PROBLEM TO SOLVE — From the material below, reproduce exactly the stretch of lines that begins with the line holding "When the color" and ends with the line holding "Hey everyone, this", skipping the pictures.

RECORDED DATA —

[Start of Attachment]

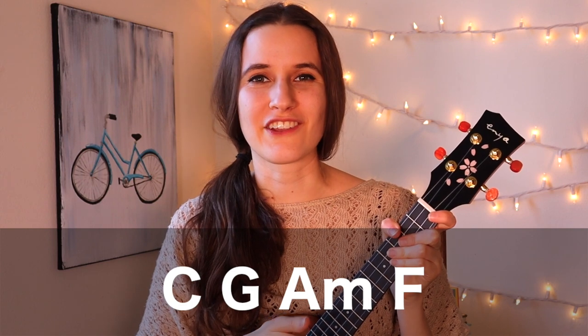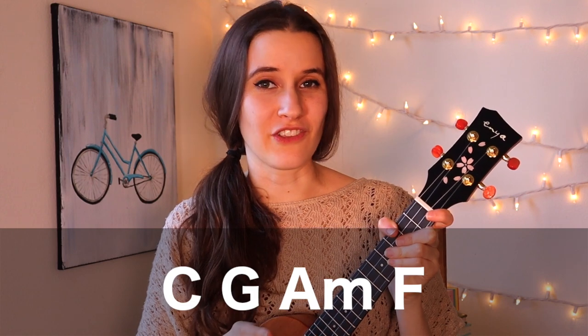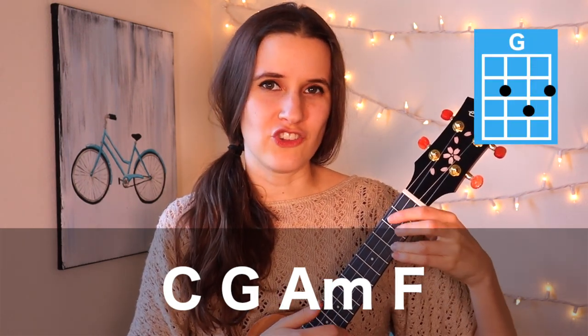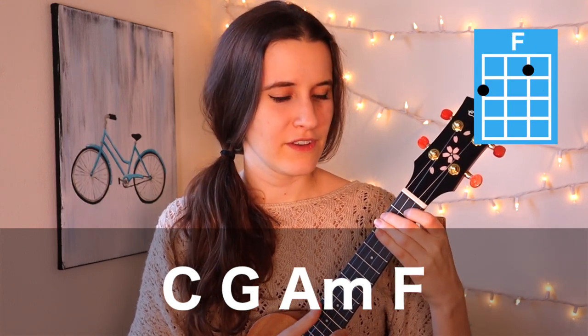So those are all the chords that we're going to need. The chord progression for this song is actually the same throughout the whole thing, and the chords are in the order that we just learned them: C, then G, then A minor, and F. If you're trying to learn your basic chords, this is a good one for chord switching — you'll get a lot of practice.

[End of Attachment]
[Start of Attachment]

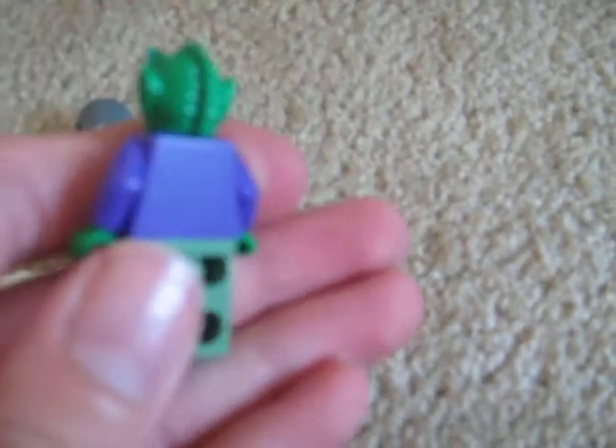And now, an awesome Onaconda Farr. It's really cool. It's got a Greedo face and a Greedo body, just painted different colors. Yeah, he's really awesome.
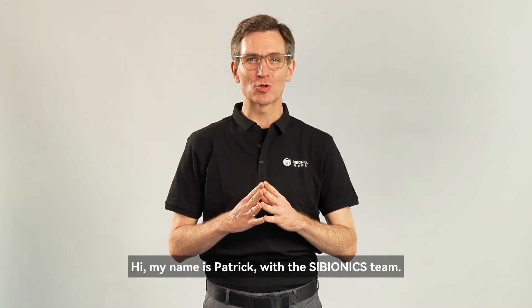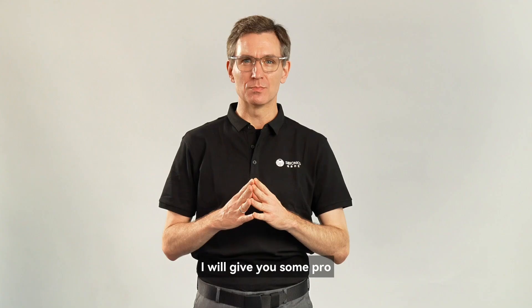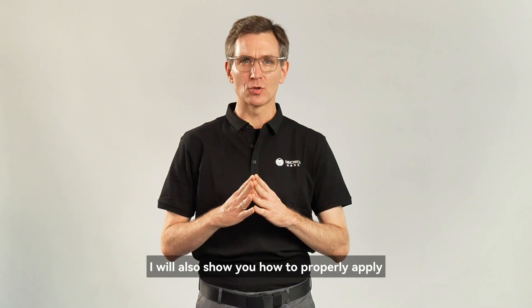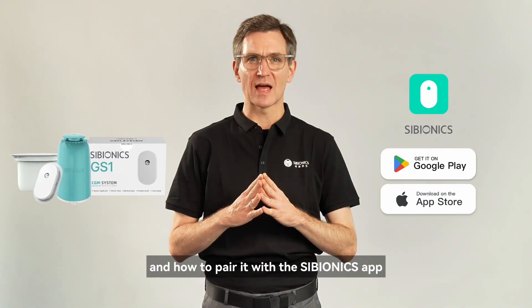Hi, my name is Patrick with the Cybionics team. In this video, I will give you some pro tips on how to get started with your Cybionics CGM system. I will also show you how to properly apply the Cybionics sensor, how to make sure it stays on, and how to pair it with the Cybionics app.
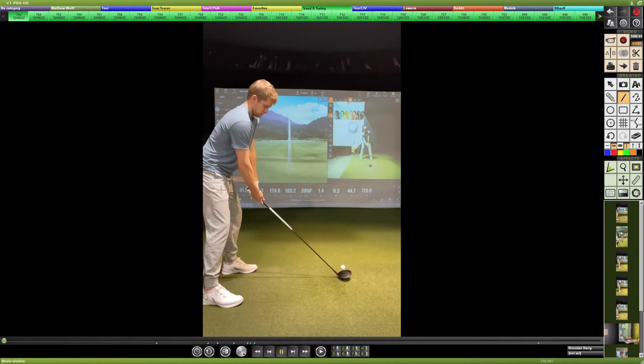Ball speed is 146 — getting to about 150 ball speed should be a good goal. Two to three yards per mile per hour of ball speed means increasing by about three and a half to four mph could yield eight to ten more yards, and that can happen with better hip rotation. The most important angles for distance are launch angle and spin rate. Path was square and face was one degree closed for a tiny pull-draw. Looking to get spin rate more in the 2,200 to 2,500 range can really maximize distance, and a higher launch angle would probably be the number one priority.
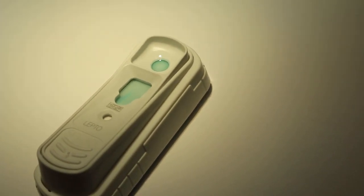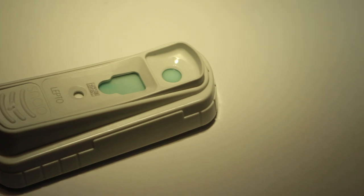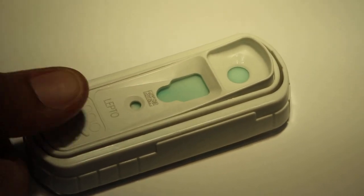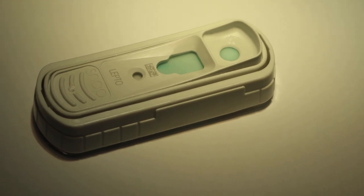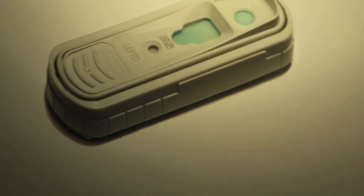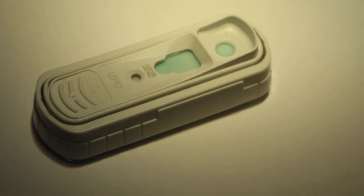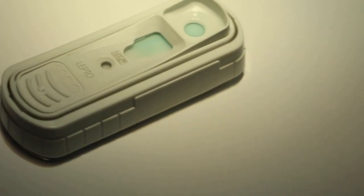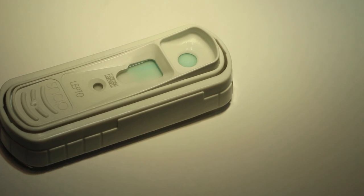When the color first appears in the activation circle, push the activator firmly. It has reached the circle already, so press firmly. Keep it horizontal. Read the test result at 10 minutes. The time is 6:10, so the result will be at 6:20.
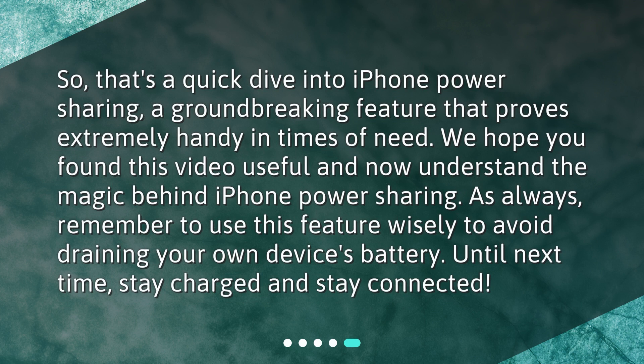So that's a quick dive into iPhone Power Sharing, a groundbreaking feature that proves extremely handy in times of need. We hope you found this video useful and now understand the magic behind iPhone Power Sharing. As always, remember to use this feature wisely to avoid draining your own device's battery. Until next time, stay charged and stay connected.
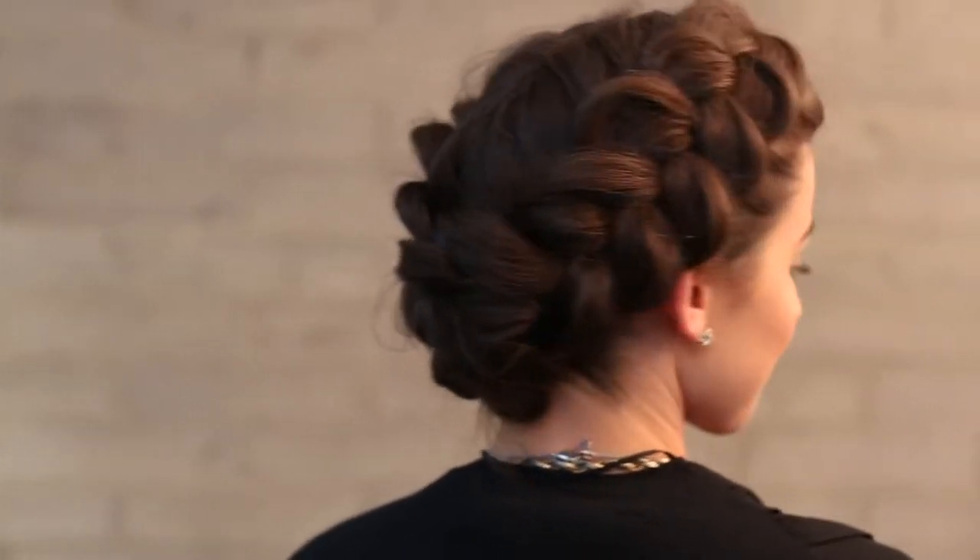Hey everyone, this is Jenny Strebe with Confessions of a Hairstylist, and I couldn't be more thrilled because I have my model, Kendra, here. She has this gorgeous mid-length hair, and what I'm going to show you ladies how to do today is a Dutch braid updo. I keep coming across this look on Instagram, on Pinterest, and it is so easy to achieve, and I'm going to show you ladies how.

[End of Attachment]

SOLVED PROBLEM —
When the color first appears in the activation circle, push the activator firmly. It has reached the circle already, so press firmly. Keep it horizontal. Read the test result at 10 minutes. The time is 6:10, so the result will be at 6:20.
So that's a quick dive into iPhone Power Sharing, a groundbreaking feature that proves extremely handy in times of need. We hope you found this video useful and now understand the magic behind iPhone Power Sharing. As always, remember to use this feature wisely to avoid draining your own device's battery. Until next time, stay charged and stay connected.
Hey everyone, this is Jenny Strebe with Confessions of a Hairstylist, and I couldn't be more thrilled because I have my model, Kendra, here. She has this gorgeous mid-length hair, and what I'm going to show you ladies how to do today is a Dutch braid updo. I keep coming across this look on Instagram, on Pinterest, and it is so easy to achieve, and I'm going to show you ladies how.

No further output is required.